«No necesitamos un islam moderado sino un islam valiente»

Wassyla Tamzali

 

Pasemos a Marruecos: un partido islamista en el poder, pero sin imponer islamismo.

En Marruecos no hay confrontación real, no hay un juego abierto. Invitaron a los islamistas al poder y les dan pequeñas cosas. Cuando un ministro, como pasa en Marruecos, dice cosas horribles sobre las mujeres, eso sale en televisión. Así ¿cómo se puede hacer un trabajo feminista?

El poder siempre parece arreglarse con los islamistas.

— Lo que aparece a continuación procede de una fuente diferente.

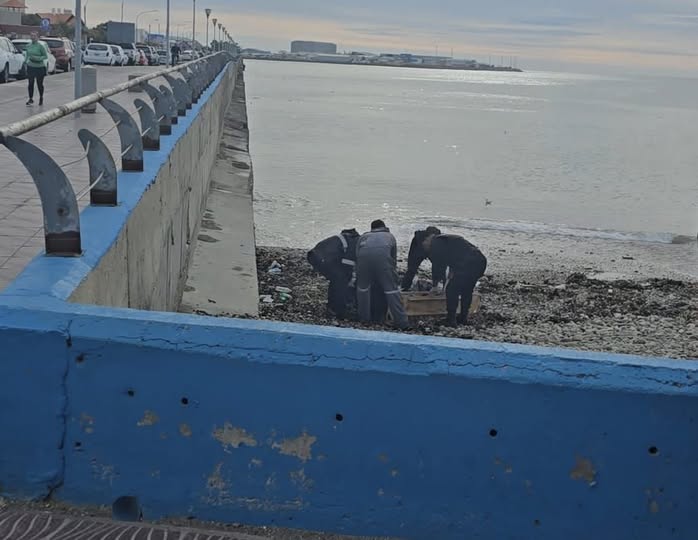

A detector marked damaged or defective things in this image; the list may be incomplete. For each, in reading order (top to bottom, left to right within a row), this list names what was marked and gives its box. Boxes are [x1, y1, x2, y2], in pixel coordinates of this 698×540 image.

peeling paint [136, 412, 159, 428]
peeling paint [213, 422, 256, 452]
peeling paint [272, 432, 316, 462]
peeling paint [568, 456, 596, 486]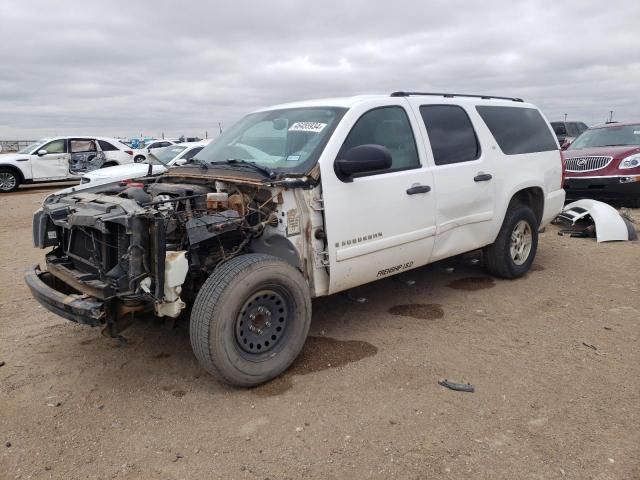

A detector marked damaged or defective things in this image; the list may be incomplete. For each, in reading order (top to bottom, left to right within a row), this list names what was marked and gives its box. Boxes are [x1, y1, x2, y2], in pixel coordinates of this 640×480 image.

cracked bumper [24, 264, 105, 328]
damaged white suburban [26, 93, 564, 386]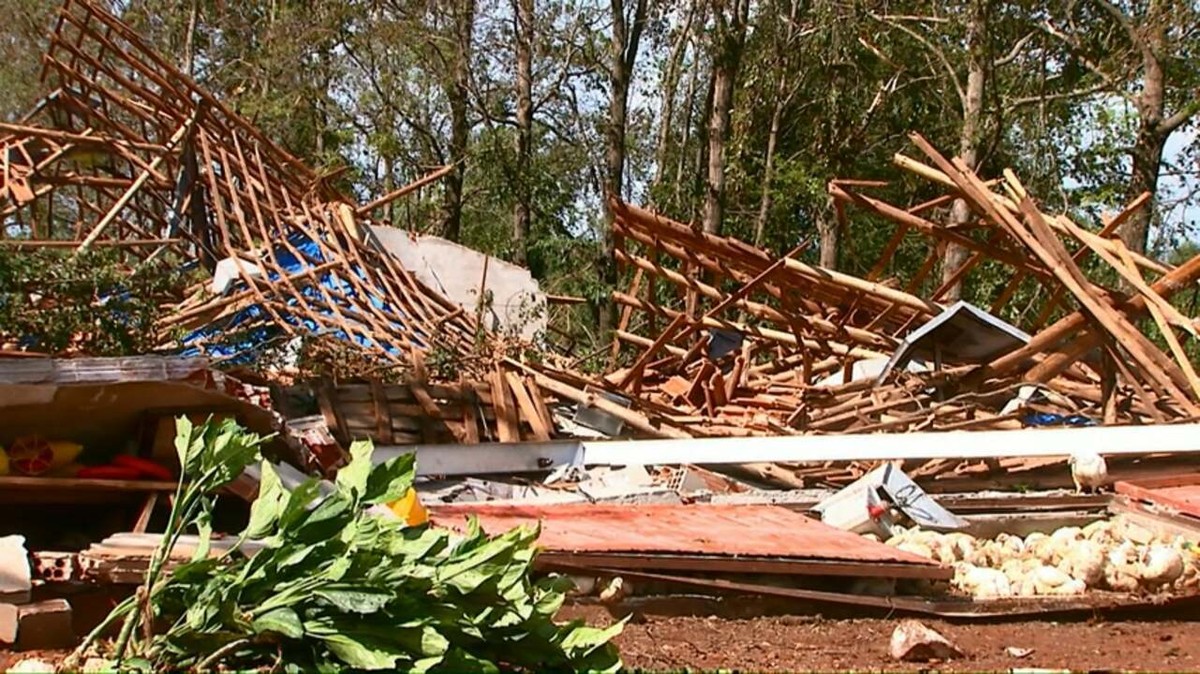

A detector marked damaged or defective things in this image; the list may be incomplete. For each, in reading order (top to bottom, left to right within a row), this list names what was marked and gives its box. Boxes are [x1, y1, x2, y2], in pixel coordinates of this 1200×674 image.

splintered wood [523, 131, 1200, 470]
rusty corrugated metal roof sheet [429, 501, 936, 563]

Sí. Nasser hizo lo mismo, Sadat hizo lo mismo…

¿Nasser también?

Sí, es él quien empezó, todos han hecho lo mismo. Ben Ali no pudo porque en el plano internacional estaba ahí para defender oficialmente a las mujeres. Pero en los últimos tiempos, su yerno [Mohamed Sakhr El Materi] abrió una radio islamista [Zitouna], un banco islamista… en la última época de su vida se convirtió en islamista.

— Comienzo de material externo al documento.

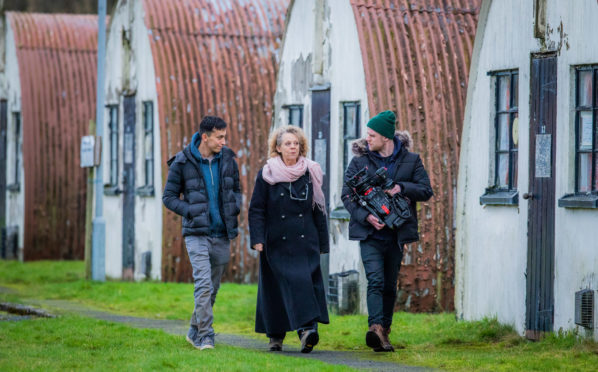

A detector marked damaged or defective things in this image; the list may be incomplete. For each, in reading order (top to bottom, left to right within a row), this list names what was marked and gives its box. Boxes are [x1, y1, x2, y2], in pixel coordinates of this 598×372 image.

rusty corrugated roof [7, 12, 99, 262]
rusty corrugated roof [141, 0, 290, 280]
rusty corrugated roof [352, 0, 482, 310]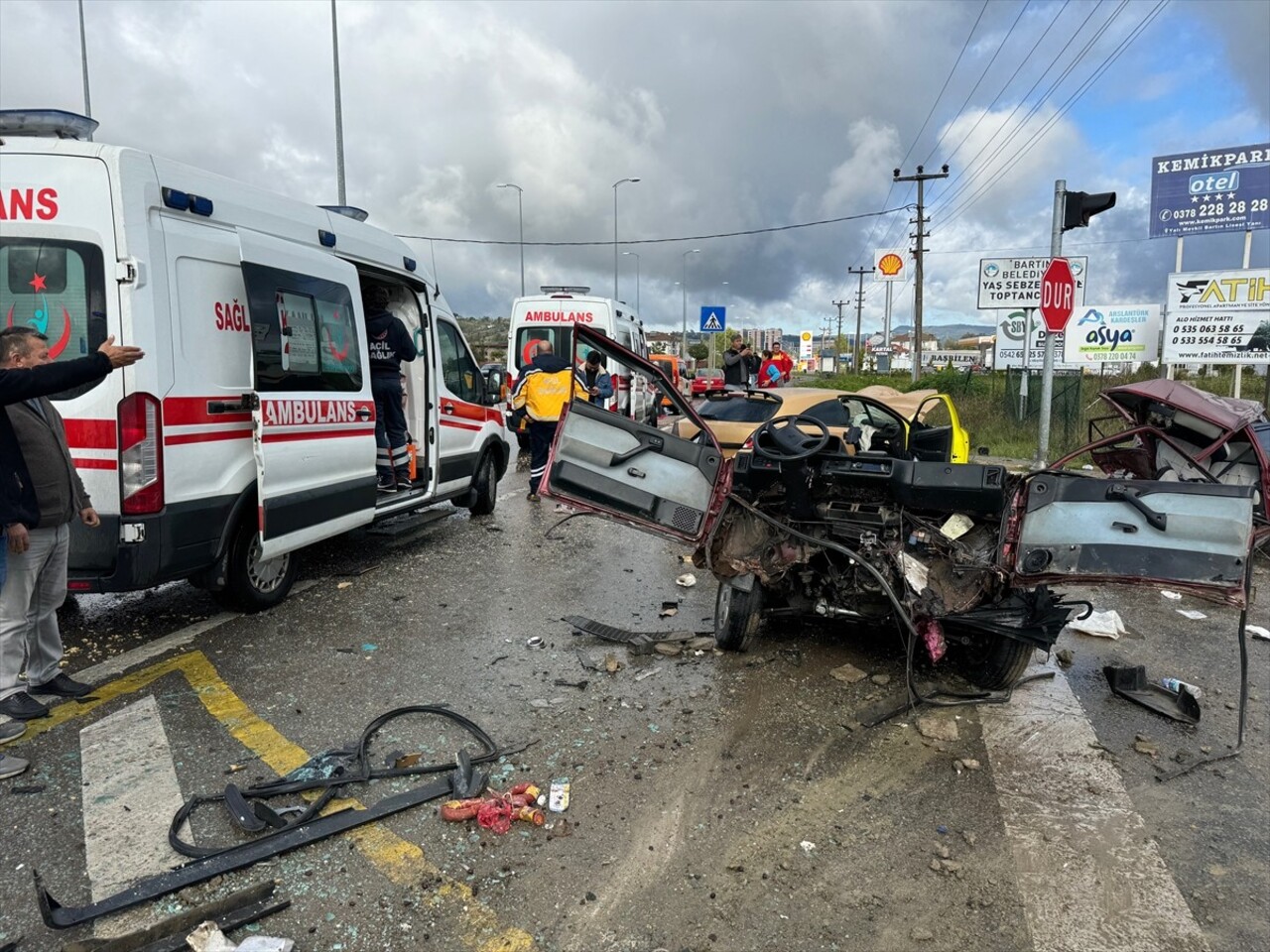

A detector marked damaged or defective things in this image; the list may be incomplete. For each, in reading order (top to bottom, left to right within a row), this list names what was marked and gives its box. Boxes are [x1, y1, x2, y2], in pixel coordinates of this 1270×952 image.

detached car door [238, 229, 375, 558]
detached car door [541, 324, 731, 542]
wrecked red car [541, 327, 1254, 685]
detached car door [1005, 474, 1254, 606]
wrecked red car [1062, 378, 1270, 542]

Volvemos a las mujeres… ¿es el contrapunto siempre?

«Las mujeres han sido moneda de cambio entre los movimientos islamistas y el poder militar»

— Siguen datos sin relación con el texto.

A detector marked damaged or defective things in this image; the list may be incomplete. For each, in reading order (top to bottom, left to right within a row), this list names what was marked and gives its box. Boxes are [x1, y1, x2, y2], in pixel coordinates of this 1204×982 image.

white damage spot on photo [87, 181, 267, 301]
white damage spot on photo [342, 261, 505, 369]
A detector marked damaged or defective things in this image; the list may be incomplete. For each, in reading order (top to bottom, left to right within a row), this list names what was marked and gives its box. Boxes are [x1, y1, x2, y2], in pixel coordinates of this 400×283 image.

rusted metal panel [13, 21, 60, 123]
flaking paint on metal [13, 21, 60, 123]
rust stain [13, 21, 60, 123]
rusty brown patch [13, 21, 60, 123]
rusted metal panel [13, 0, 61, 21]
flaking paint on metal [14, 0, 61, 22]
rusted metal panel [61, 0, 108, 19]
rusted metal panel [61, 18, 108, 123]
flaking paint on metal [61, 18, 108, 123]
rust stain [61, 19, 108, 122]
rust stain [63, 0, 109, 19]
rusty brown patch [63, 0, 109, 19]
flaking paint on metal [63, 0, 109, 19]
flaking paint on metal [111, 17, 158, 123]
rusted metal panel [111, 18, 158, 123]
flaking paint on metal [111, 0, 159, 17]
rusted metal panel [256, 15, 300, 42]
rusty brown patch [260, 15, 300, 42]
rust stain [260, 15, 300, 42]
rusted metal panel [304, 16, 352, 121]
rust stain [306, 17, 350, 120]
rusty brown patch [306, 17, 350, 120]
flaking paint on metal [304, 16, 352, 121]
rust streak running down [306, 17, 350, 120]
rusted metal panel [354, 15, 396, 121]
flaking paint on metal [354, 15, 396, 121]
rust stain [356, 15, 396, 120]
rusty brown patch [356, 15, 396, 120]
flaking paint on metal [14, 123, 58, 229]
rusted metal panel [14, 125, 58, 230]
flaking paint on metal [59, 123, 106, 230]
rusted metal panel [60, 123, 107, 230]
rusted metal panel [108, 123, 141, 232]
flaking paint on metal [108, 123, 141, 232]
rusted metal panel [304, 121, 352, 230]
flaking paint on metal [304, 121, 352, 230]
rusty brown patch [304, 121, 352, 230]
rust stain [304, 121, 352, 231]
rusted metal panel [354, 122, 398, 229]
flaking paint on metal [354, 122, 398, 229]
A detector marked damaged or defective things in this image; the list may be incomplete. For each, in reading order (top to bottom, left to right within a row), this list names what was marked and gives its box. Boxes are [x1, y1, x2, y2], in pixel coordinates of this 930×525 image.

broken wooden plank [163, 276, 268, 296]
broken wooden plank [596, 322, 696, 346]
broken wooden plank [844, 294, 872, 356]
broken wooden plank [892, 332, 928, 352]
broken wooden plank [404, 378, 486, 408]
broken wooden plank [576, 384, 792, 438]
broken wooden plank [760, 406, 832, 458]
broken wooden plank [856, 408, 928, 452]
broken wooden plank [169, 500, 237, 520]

Lo que me interesa es ver cómo las mujeres han sido moneda de cambio entre los movimientos islamistas y el poder militar, el poder de facto.

Entre los islamistas también hay muchas mujeres.

No todas las mujeres son feministas. Entre los partidos fascistas hay muchos hombres. No te rías.

No me río. Pero hablamos de mujeres frente a islamistas, un grupo que también incluye a mujeres.

Cuando los demócratas toman el poder, lo toman contra hombres que están contra la democracia. Y no está bien ¿no? Imponer la democracia a hombres que no la quieren. Y querer imponer la igualdad a mujeres que no la quieren, no está bien ¿verdad?

No he dicho nada de eso.

¿Crees que en España todas las mujeres son feministas? No me gusta nada cuando discuto de feminismo que me saquen a las mujeres que llevan el velo y están contra el feminismo. Claro que están contra el feminismo. Pero no tienen ningún derecho sobre mis derechos. Siempre que se trate de mujeres, se contrapone a las mujeres que no quieren el feminismo con las mujeres feministas. Cuando se habla de democracia, jamás se contrapone a los hombres que no quieren la democracia a los hombres que sí la quieren.

¿Por qué tenemos esos reflejos en el debate?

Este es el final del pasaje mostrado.